L'Atelier national mobilise une équipe projet mandatée par l'État. Concrètement, cette méthode s'articule autour de trois séances d'atelier réunissant élus, équipe chargée du projet et État, et permet de mettre en place des dynamiques à des échelles de territoire pertinentes en termes d'identité et d'avenir commun, sur une période de un à deux ans.
Elle permet également d'investir sur une proximité renouvelée entre les services de l'État et les élus locaux autour des questions d'orientations de long terme.
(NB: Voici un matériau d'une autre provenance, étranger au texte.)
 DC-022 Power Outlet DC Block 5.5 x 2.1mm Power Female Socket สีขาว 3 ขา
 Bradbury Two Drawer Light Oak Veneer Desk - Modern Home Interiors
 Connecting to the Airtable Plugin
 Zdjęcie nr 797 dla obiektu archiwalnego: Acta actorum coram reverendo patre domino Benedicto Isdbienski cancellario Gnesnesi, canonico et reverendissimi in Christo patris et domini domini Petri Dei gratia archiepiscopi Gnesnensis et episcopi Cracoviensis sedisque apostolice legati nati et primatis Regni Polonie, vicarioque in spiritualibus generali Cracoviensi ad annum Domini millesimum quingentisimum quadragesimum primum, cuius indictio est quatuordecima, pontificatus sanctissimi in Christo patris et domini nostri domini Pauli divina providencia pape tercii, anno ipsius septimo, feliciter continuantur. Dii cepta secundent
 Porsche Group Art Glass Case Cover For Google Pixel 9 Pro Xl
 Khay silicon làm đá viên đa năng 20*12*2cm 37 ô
À ce jour, 21 sites ont ainsi bénéficié de cette démarche autour de trois thèmes sélectionnés : littoral, montagne, territoires économiques (12 sites métropolitains ont bénéficié de la démarche Atelier national « littoral », et « montagne » ; 9 sites sont actuellement engagés dans l'Atelier national « territoires économiques »).
Chaque Atelier national donne lieu à des livrables (un ouvrage faisant ressortir le déroulement de l'Atelier national et sa méthode), ainsi que chaque site (carnets de suivi, esquisses, cartographies, présentations ; feuille de route ; rapport de synthèse).
Votre délégation accueille positivement cette nouvelle forme d'accompagnement des territoires sur des projets stratégiques . Cette démarche expérimentale, qui confère une nouvelle posture aux services de l'État, mérite d'être encouragée, car après cette expérience sur des sites pilotés par le ministère, il s'agit dorénavant de transférer cette approche aux services déconcentrés de l'État afin qu'ils se saisissent de ce moyen pour construire des perspectives communes mais aussi des espaces de discussion entre État et élus locaux.
L'Atelier national constitue finalement un instrument qui permet :
- d'élaborer un projet anticipateur à une échelle géographique indépendante des limites institutionnelles et adaptée à la réflexion autour des enjeux du territoire ;
- de renouveler les partenariats entre élus locaux et État dans une logique de dialogue centré sur le projet stratégique à l'échelle d'un territoire plutôt que sur les moyens de mise en oeuvre de projets opérationnels de court terme ;
- de positionner les services déconcentrés de l'État en tant que facilitateurs de réflexions stratégiques conformes au Grenelle de l'environnement en amont de projets opérationnels à petites échelles.
* 32 Dispositions codifiées dans l'article L. 124-4 du code de l'urbanisme.
* 33 Cette dotation annuelle permet d'aider les communes ou les établissements publics à élaborer ou faire évoluer leurs documents d'urbanisme notamment suite à la loi SRU et au Grenelle de l'environnement, ces concours s'élevant en 2012 à 18 millions d'euros, selon les données transmises par le ministère de l'intérieur et le ministère de l'écologie.
* 34 Prévue aux articles R. 1614-41 et suivants du code général des collectivités territoriales (CGCT).
* 35 Prévue aux articles R. 1614-54 et suivants du CGCT.
* 36 18 millions d'euros pour les documents d'urbanisme et 5 millions d'euros pour les contrats d'assurance selon les données transmises par la direction générale des collectivités locales du ministère de l'intérieur.
* 37 Les documents d'urbanisme (PLU communaux ou intercommunaux, SCOT) constituent des documents stratégiques permettant aux collectivités territoriales de maîtriser leur développement et de porter leurs projets de développement et d'aménagement du territoire.
* 38 Ce seuil avait été fixé initialement à 10 000 habitants par la loi de 2004.
* 39 Exemples : Prisons, commissariats de police, collèges, lycées, logements sociaux.